5 Gennaio 2012, di Redazione Wall Street Italia

Roma – La Libia sarà protagonista anche nel nuovo anno. Con la ricostruzione dopo la caduta di Gheddafi il Pil (Prodotto Interno Lordo) del paese crescerà del 22,5%, secondo le ultime stime dell’Economist Intelligence Unit, società di ricerca economica e finanziaria del settimanale economico inglese The Economist.

Forte crescita, oltre il 10%, anche per Macao e la Mongolia. Quest’ultima beneficerà del boom del settore minerario e dal continuo afflusso degli investimenti. Bene anche l’Angola e il Niger, grazie al continuo rialzo del prezzo delle materie prime. In Iraq la guerra ha ad ora ritardato il processo ripresa, ma nel 2012 il paese dovrebbe toccare tassi di crescita del 9,5%.

Il 2012 dovrebbe essere anche l’anno di conferma per la Cina, con l’aumento del reddito medio che dovrebbe stimolare la domanda interna e rendere il paese immune dai problemi nei grandi mercati industrializzati quali Usa ed Europa. Il Dragone crescerà dell’8%.

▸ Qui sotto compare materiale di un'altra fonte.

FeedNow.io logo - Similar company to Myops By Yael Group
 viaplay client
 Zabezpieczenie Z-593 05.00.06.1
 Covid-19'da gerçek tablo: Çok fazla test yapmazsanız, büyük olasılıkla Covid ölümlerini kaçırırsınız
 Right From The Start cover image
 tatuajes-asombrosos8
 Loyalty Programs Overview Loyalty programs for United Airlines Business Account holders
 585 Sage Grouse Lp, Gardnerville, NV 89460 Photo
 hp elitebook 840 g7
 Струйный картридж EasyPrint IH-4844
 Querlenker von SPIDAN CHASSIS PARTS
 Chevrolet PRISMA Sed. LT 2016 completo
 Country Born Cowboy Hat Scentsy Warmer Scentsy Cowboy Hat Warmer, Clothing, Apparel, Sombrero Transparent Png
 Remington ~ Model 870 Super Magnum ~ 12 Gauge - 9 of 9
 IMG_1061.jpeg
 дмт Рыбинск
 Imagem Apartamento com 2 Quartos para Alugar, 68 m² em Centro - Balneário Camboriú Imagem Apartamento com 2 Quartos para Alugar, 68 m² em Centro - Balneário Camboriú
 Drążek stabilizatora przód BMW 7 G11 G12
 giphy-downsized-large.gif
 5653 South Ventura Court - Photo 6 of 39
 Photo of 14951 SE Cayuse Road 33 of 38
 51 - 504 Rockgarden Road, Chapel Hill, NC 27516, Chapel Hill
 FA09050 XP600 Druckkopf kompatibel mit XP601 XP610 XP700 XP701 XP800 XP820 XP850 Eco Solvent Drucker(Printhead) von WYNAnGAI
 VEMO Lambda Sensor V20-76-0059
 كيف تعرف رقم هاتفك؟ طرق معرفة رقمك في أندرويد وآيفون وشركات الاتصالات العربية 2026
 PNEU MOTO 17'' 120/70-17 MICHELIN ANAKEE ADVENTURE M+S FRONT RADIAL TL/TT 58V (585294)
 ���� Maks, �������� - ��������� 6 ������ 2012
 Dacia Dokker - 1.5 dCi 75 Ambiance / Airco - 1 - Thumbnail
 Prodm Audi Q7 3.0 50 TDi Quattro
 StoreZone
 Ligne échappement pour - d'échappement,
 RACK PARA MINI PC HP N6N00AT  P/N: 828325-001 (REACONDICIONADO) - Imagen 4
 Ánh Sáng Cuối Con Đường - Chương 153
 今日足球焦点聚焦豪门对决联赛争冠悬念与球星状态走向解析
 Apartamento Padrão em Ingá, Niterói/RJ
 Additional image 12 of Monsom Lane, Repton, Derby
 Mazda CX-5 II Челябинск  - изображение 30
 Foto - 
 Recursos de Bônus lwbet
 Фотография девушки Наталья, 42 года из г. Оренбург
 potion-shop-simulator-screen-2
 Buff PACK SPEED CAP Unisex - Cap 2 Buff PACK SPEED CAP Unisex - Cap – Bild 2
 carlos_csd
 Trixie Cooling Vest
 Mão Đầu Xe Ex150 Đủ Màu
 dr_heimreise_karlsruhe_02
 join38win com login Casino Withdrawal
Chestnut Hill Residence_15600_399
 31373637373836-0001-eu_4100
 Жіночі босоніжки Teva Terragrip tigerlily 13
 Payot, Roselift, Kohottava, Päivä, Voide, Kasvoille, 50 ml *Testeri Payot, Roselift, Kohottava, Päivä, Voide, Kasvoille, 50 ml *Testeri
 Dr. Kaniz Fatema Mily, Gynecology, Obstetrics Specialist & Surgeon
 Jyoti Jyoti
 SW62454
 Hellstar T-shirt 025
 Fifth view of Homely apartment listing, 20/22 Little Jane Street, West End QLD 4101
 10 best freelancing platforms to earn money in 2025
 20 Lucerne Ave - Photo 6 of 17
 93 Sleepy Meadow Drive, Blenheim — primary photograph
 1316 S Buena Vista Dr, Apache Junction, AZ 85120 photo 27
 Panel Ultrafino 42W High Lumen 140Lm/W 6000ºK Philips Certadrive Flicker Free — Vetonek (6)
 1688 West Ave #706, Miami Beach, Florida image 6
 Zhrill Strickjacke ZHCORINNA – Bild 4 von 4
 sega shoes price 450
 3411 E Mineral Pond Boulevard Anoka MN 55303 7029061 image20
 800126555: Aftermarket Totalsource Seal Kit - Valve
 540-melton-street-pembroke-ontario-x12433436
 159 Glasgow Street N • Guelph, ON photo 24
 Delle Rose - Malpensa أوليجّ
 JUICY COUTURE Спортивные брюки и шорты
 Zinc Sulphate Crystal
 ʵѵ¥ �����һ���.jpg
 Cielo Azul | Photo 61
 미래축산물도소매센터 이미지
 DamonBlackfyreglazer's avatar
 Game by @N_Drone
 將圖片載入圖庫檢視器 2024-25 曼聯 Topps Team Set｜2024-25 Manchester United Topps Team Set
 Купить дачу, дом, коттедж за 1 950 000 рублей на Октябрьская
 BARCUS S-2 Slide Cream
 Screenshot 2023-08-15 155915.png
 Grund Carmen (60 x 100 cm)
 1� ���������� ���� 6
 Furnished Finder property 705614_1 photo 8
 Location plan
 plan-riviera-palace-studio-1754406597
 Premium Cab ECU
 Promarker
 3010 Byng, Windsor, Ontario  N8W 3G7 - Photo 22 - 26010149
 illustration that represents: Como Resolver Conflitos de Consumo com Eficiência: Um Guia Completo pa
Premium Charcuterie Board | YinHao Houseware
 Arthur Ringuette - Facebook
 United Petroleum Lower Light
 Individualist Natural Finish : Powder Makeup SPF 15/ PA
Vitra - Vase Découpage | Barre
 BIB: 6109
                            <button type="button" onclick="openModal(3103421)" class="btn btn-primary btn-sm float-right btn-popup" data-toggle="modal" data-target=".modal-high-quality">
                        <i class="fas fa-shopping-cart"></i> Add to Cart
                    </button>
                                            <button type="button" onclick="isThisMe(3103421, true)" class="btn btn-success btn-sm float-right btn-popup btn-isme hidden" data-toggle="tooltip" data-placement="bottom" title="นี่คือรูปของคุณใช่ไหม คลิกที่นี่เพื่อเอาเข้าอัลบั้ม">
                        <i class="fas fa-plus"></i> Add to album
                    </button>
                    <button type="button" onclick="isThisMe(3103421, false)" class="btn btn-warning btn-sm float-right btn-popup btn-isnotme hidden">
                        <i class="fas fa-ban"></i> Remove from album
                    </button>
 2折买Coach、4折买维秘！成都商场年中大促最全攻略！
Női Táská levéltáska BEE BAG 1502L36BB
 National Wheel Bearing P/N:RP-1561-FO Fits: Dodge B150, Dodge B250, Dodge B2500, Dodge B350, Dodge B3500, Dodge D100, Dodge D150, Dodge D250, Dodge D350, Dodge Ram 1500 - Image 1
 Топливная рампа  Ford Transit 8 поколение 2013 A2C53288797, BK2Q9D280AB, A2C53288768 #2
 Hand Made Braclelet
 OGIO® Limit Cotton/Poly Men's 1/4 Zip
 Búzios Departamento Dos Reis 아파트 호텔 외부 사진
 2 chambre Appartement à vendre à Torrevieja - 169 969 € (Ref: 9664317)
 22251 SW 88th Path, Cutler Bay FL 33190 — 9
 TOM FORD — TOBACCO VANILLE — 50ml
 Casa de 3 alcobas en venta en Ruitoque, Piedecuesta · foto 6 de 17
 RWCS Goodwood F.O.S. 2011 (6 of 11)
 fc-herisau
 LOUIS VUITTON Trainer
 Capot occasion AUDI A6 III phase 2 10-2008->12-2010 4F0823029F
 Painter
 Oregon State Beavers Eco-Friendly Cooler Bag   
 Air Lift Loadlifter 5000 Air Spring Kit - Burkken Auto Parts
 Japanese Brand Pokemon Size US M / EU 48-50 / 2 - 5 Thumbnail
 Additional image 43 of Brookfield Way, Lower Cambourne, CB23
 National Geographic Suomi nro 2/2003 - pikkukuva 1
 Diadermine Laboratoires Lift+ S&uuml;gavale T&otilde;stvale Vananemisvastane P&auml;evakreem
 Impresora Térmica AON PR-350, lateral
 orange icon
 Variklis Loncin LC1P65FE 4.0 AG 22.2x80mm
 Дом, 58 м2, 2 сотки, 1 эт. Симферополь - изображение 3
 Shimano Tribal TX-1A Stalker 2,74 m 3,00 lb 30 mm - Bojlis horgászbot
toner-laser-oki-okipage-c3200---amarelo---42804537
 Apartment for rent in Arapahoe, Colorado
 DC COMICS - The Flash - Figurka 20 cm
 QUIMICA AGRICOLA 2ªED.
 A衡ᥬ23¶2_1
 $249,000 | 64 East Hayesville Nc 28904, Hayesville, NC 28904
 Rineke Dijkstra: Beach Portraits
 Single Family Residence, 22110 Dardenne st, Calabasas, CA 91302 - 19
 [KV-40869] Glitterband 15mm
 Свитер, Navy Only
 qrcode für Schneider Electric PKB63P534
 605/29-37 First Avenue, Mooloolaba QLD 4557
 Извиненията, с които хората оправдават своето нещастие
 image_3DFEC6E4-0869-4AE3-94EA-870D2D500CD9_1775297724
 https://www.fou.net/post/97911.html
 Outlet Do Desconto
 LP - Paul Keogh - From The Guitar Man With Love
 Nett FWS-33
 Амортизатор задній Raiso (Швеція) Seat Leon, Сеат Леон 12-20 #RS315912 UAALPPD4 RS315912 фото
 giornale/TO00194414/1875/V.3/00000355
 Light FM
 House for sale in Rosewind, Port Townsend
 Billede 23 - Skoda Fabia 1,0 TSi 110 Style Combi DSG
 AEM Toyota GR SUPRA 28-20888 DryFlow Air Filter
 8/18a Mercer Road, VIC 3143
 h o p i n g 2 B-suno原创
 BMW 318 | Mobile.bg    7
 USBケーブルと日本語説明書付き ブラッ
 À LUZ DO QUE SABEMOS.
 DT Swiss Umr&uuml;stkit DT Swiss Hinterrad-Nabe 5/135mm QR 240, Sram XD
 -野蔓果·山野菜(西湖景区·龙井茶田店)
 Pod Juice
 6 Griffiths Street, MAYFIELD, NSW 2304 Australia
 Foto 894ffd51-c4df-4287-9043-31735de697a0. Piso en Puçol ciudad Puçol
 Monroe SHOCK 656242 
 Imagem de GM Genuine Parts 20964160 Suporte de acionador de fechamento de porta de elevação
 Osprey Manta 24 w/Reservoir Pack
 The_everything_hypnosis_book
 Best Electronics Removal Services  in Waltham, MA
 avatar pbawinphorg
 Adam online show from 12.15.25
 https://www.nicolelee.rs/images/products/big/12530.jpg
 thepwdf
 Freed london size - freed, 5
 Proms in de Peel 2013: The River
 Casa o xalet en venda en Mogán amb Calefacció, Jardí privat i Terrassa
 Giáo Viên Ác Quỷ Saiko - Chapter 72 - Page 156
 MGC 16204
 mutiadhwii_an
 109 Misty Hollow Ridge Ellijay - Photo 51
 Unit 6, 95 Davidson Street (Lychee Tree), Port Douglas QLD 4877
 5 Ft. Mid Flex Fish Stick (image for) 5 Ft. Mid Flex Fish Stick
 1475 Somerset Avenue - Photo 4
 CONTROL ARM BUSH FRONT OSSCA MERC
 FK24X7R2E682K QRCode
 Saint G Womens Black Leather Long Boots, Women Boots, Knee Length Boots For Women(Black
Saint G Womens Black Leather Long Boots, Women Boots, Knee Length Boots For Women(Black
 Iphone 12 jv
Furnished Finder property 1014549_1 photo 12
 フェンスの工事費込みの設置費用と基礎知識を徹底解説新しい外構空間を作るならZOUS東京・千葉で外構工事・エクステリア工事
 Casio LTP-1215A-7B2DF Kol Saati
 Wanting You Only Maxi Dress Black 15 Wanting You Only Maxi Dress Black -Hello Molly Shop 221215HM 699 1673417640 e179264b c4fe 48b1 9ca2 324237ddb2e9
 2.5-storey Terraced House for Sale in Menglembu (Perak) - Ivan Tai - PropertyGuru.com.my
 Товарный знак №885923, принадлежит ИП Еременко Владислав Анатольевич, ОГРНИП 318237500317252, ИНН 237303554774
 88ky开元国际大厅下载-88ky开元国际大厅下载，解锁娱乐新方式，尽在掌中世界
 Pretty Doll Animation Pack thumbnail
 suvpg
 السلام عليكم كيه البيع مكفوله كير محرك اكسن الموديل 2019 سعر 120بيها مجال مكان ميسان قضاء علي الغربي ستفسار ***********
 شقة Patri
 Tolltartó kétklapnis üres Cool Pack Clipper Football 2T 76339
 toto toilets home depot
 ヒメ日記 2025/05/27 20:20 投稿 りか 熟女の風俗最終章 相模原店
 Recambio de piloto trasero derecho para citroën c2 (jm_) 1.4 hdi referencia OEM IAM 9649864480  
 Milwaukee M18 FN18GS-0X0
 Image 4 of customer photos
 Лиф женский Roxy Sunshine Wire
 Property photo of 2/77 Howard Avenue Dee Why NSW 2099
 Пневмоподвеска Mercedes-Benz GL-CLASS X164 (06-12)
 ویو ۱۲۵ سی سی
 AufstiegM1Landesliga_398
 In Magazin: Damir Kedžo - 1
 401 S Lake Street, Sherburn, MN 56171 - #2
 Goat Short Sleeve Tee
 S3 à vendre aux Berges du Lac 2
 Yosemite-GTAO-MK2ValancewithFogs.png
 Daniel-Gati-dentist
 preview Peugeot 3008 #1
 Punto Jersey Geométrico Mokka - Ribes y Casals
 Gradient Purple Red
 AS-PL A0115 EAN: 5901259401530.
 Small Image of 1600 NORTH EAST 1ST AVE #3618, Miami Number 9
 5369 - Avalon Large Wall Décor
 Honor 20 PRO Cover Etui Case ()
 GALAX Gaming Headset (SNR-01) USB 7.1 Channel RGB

Il peggiore di tutti dovrebbe essere il Sudan, che soffrirà della perdita dei tre quarti delle sue riserve di petrolio a seguito dell’indipendenza del Sud del Sudan. Nella tabella con crescita negativa i nomi che spuntano evidenziano chiaramente la crisi in corso in Europa. L’Italia è il quinto peggiore. Di noi faranno meglio anche Spagna e Irlanda. E neanche la Germania sarà risparmiata da una crescita negativa.